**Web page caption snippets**
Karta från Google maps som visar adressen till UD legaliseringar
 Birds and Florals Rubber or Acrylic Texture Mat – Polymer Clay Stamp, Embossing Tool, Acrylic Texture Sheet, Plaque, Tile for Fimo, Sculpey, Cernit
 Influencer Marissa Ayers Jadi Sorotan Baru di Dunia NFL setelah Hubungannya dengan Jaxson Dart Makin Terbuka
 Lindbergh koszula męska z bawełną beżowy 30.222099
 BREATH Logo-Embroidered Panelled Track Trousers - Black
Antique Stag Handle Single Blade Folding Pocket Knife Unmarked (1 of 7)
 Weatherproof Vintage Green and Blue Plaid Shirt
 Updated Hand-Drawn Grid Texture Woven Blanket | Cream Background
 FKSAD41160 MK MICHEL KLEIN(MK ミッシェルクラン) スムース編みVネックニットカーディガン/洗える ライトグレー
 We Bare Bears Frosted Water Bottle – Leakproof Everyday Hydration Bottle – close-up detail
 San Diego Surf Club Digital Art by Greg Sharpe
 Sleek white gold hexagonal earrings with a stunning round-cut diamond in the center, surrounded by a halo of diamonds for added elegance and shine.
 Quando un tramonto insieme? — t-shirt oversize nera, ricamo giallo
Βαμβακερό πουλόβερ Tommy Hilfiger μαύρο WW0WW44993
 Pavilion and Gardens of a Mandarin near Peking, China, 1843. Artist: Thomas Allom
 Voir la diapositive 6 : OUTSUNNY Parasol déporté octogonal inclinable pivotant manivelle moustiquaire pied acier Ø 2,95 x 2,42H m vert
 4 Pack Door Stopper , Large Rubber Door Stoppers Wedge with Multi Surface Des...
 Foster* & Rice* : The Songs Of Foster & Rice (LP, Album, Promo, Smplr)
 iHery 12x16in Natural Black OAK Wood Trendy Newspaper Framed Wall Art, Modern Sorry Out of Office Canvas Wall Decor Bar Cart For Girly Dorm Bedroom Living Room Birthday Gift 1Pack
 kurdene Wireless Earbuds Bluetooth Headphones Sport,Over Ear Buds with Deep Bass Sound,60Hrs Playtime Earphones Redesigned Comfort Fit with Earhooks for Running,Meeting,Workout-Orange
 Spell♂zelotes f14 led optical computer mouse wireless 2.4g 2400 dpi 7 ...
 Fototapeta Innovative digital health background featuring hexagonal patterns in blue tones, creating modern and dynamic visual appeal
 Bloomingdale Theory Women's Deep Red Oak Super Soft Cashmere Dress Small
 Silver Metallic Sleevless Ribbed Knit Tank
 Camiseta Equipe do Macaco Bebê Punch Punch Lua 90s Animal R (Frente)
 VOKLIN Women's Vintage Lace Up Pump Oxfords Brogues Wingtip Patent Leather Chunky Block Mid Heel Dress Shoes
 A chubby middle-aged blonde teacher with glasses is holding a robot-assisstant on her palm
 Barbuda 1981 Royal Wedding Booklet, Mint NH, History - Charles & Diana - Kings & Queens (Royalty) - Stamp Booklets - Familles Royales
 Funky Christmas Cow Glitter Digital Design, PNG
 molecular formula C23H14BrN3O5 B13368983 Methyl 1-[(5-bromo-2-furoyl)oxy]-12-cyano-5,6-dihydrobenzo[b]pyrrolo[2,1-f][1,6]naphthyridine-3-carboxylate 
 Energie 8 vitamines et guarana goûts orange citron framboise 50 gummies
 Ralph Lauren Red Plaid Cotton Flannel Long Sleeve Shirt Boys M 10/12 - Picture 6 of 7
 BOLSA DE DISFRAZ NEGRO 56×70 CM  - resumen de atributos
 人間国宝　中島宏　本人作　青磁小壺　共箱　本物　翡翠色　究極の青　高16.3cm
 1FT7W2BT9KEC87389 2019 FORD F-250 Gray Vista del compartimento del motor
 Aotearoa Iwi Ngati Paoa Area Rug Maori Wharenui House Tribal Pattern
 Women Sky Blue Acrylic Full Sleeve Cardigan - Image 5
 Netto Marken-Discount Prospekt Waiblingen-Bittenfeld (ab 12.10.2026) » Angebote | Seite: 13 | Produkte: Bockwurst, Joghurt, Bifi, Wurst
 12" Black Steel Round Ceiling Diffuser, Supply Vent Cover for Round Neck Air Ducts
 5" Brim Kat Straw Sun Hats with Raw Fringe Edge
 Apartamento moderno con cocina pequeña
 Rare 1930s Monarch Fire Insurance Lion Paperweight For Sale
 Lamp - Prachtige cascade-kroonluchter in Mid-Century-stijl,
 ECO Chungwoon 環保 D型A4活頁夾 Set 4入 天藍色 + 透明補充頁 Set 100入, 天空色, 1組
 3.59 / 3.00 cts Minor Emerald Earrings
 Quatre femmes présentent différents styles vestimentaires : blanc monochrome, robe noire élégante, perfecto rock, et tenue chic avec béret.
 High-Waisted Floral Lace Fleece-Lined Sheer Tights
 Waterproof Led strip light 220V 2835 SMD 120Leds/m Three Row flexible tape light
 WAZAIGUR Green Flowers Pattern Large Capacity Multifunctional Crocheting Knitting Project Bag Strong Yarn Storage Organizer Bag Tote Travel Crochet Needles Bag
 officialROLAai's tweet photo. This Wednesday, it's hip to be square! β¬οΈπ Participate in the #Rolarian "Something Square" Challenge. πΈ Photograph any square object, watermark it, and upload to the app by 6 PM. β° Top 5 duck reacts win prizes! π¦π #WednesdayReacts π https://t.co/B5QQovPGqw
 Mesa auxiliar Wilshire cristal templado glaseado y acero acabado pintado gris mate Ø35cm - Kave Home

**Exercise prompt**
The answer consists of every line above in which the word "Acrylic" occurs.

**Reply**
 Birds and Florals Rubber or Acrylic Texture Mat – Polymer Clay Stamp, Embossing Tool, Acrylic Texture Sheet, Plaque, Tile for Fimo, Sculpey, Cernit
 Women Sky Blue Acrylic Full Sleeve Cardigan - Image 5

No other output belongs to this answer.